By Andrew Villegas
Yeoman Dwayne De Rosario has one goal every 173 minutes this year. Sebastien Le Toux has one every 270. Rising Star Brek Shea? One every 241 minutes.
And Charlie Davies, that death-defying, on-loan, one-time USMNT’er? He’s scored one goal every 137 minutes, better than them all.
Yet, there Davies is every week, it seems, relegated to the D.C. United bench as a substitute, often playing in the dying embers of the game only.
Is the handwriting on the wall that since Davies likely won’t be around next year (he goes back to French club Sochaux in February next year), D.C. United manager Ben Olsen is opting to give other players that’ll be in D.C. next year more playing time? Or is Davies just not ready physically, emotionally, mentally?
Davies told the Washington Examiner of his frustration with the amount of playing time he gets: “I’m physically fine.” Said Olsen of his lineup in DCU’s last game, when the Red and Black gave up two added time goals to the Chicago Fire to lose 2-1: “I think putting [De Rosario] up top was the right move, if that’s what you’re asking.”
De Rosario’s trade in late June to DCU has hurt Davies’ playing time, that much is true, especially with the tear that De Rosario has been on – 12 goals in 15 games. And Olsen has used De Rosario at times as both an attacking midfielder and as a second striker. Other strikers – Josh Wolff, Chris Pontius and Blake Brettschneider – have also had success, but some have provided an opportunity for Davies to step up, namely a sputtering Joseph Ngwenya. But Davies has struggled: Since De Rosario moved to D.C., Davies has scored only three goals, a hat trick against Chivas USA.
In total, Davies has scored 11 times this season, including four that came from the penalty spot. He sits tied for 9th in scoring. And among the top 25 scorers in MLS, only Luke Rodgers has played fewer minutes than Davies.
So he can score … just not as prolifically as De Rosario.
Crystal Ball: Maybe Olsen wants Davies off the bench to spark his attack in the second half? That’s another possibility, a likely one, especially since no manager wants to play from behind, and so it stands to reason that you’d play your best strikers from the start, subbing them out only if they get tired or are ineffective. And especially if you’re questioning the match-fitness or form of one of your players, either starter or substitute, Olsen bringing Davies off the bench makes sense.

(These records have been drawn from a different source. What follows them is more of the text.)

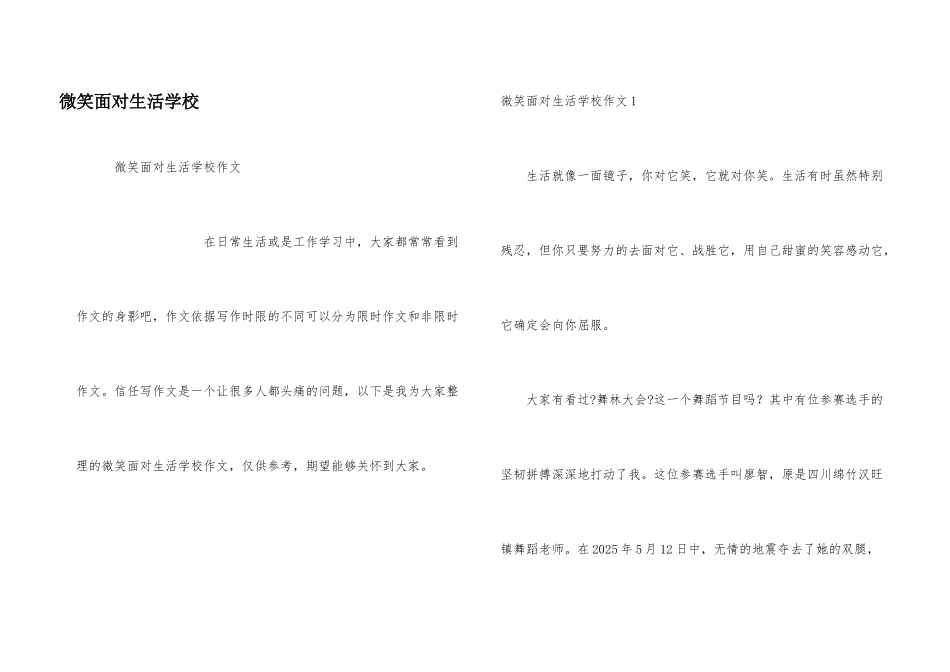 微笑面对生活初中_第1页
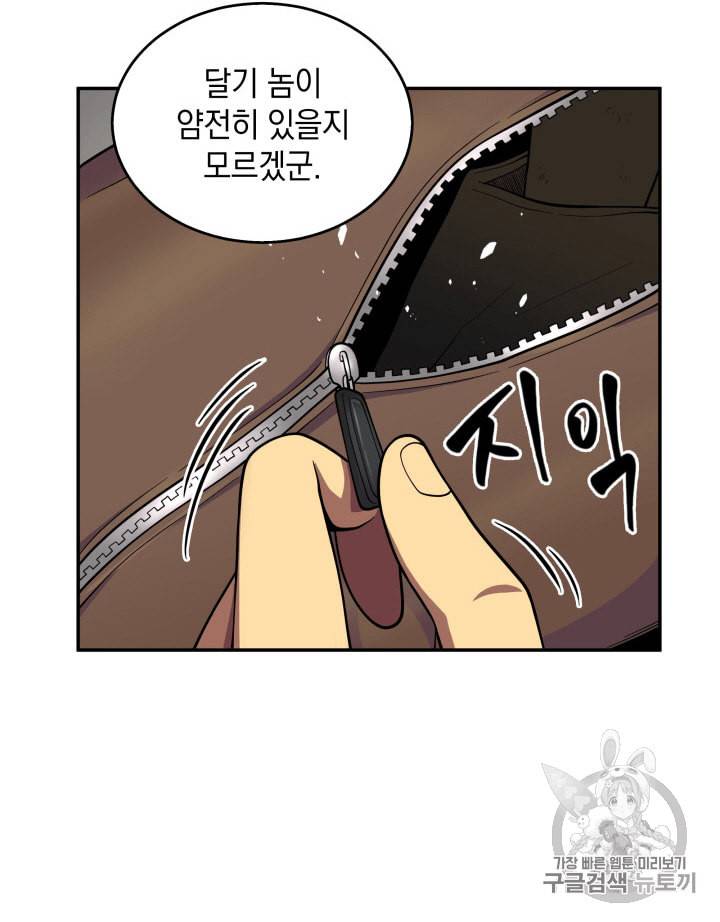 도굴왕 81화 54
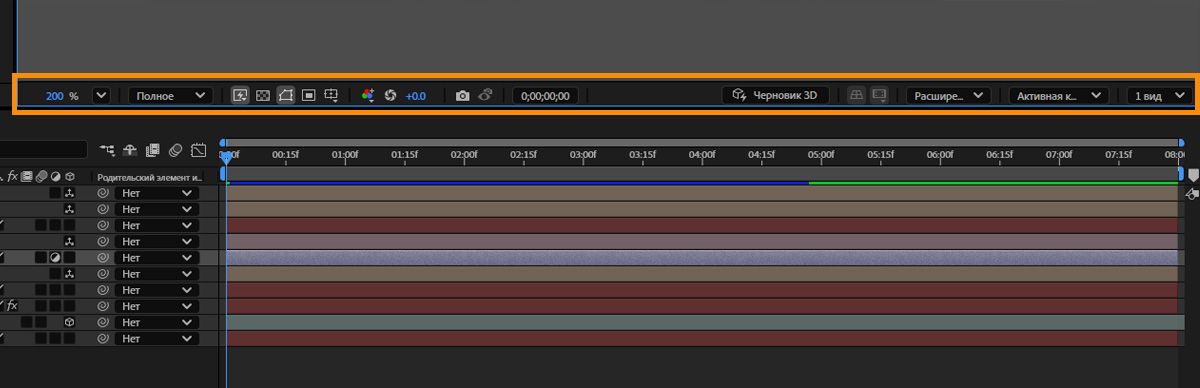 Панель инструментов композиции с выключенным (вверху) и включенной (внизу) 3D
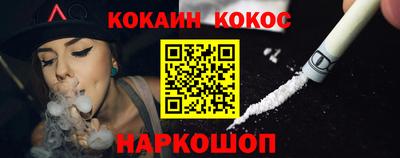 марки nbome Волжский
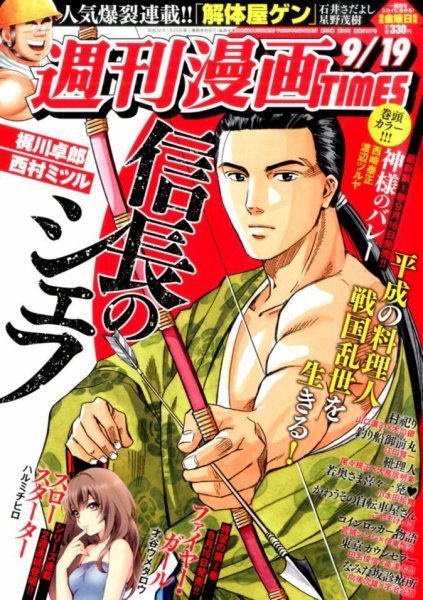 週刊 漫画TIMES (タイムス) 2014年9/19号 (発売日2014年09月05日) 表紙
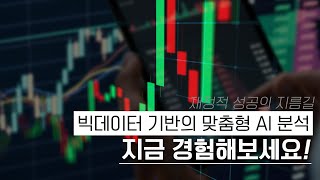 재정적 성공의 지름길 빅데이터 기반 맞춤형 AI 분석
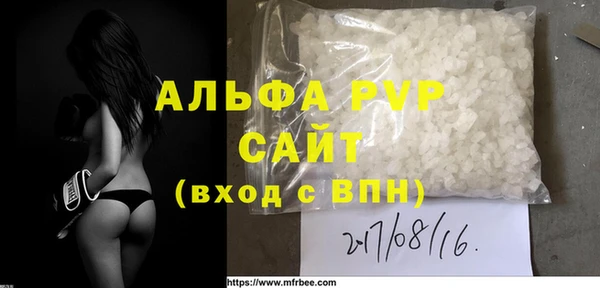 мефедрон VHQ Наволоки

Davies arrival in D.C. was heralded as the shove that got the proud, storied D.C. United back into the postseason once again, but the club has collapsed too often late in games this season to be a factor despite positive play from De Rosario and Perry Kitchen’s coming out party. Andy Najar has not looked the player he was last year (Big asterisk: the undulation given to him was premature anyway, despite remaining promise) and injuries have taken their toll again on the club.
That being said, D.C. United is still in the playoff picture. As Ives Galarcep points out here: If D.C. United manages to win their final two games (both at home this week) and NYRB loses at Philly, they are through to the playoffs. Also, if DCU win out and NYRB ties but United has a +7 goal differential in their final two games, then DCU is in.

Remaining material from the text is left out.